China’s constant restatement of its intentions toward Taiwan, including on occasion details of how such an invasion might be executed, are bizarre at face value. It is not bizarre, however, if it supposes the United States won’t fight a war over it. In this case, Beijing’s obsession with Taiwan is simply part of the general strategy of convincing the United States that war is likely unless the United States changes its position. In that role, Taiwan makes perfect sense.
It makes sense in another way, too. China feels constrained to initiate conflict, but the point of it isn’t Taiwan itself, which is dangled as a red herring. Taking Taiwan would not solve China’s strategic problem. The problem is that a string of islands from Japan to Singapore, and including India, Vietnam and Australia, are either formally aligned with the United States or share informal cooperation out of hostility to China. That string creates a line of chokepoints that block China’s access to global oceans. Holding Taiwan would create a broader gap in one location, but in conditions of war, it would be a dangerous passage for merchant vessels.

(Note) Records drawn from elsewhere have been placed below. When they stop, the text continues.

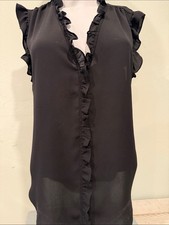 DKNY Black Sleeveless Semi Sheer Ruffle Blouse Size Large picture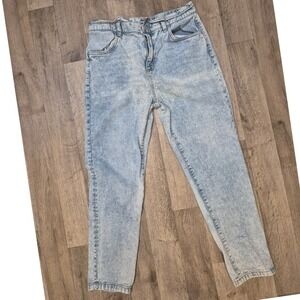 Refuge XL Mom Paperbag High Rise Acid Wash Jeans Women's Light Wash Denim 175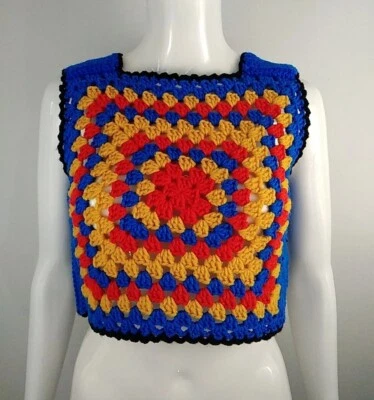 Suéter sin mangas estilo abuela cuadrado ganchillo recortado azul rojo amarillo XS/S Foto 1 de 4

It is, however, difficult to imagine another point that would solve China’s strategic problem without incurring all the problems an invasion of Taiwan would. If it could pull Indonesia and the Philippines into an alliance, a gap would be opened that the U.S. would be hard-pressed to block, and could not be blocked without a war that would involve ground combat. Neither country has indicated an interest in falling into the Chinese sphere of influence.
An invasion of Taiwan makes little sense, above all, because the possibility of failure is great. The idea that the focus in Taiwan is designed to divert the United States’ attention doesn’t work. The preparations for a large-scale amphibious assault are massive, require a good deal of time, and are hard to miss by U.S. reconnaissance capabilities.

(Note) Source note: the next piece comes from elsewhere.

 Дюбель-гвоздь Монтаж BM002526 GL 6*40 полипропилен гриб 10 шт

From this we can deduce that the focus on Taiwan is meant to increase the sense of imminent war and shape the calculations of the U.S. and those of its allies. It is possible that China intends instead a widescale conflict covering the entire Western Pacific in which China bets everything. But China does not need to bet everything.
The only remaining possibility is that China is preparing for a negotiation with the United States. The competition initially began because the U.S. demanded equal access to the Chinese market and an end to the manipulation of the yuan. China has not been able to agree to either, and the sense of hostility is likely as much for domestic consumption as American. The sense of war has been achieved, but the indications of war are hard to see even if you look closely. That leaves a political settlement.